Smoothly make a number approach zero

Question

I have a floating point value X which is animated. When in rest it's at zero, but at times an outside source may change it to somewhere between -1 and 1.

If that happens I want it to go smoothly back to 0. I currently do something like

addToXspeed(-x * FACTOR);

// below is out of my control
function addToXspeed(bla) {
 xspeed += bla;
 x += xspeed;
}

every step in the animation, but that only causes X to oscillate. I want it to rest on 0 however.

(I've explained the problem in abstracts. The specific thing I'm trying to do is make a jumping game character balance himself upright in the air by applying rotational force)

Answer 1

x = x*FACTOR

This should do the trick when factor is between 0 and 1.

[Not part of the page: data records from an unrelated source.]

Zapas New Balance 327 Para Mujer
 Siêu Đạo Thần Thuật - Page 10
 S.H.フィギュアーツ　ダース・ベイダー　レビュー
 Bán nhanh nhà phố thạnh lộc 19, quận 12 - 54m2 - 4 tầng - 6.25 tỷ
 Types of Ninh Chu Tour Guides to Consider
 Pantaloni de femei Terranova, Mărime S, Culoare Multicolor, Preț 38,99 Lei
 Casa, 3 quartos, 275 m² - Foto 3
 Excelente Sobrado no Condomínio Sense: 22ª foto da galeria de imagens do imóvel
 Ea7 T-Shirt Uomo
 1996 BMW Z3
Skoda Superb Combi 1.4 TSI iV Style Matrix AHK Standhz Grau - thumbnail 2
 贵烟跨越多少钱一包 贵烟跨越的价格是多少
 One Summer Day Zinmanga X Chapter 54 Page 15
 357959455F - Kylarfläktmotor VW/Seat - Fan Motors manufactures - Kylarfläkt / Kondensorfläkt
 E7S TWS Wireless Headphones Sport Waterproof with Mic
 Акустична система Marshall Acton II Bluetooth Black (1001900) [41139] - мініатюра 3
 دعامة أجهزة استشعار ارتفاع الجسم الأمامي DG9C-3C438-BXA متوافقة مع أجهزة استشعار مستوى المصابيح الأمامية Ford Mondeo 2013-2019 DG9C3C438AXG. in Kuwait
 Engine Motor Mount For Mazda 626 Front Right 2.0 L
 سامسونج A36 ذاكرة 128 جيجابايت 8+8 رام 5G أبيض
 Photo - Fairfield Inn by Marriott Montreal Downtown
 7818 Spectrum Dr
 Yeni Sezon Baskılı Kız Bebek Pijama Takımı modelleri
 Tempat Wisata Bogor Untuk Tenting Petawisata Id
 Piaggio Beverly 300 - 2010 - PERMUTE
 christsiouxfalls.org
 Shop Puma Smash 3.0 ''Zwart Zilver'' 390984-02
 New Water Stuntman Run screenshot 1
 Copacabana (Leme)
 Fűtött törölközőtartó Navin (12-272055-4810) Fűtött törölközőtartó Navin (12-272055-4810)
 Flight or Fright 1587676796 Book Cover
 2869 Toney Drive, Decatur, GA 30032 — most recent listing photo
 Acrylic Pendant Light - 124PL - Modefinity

The lower the factor the quicker you'll go to 0.

Answer 2

Why don't you define a fixed step to be decremented from x?

You just have to be sure to make it small enough so that the said person doesn't seem to be traveling at small bursts at a time, but not small enough that she doesn't move at a perceived rate.

Answer 3

Writing the question oftens results in realising the answer.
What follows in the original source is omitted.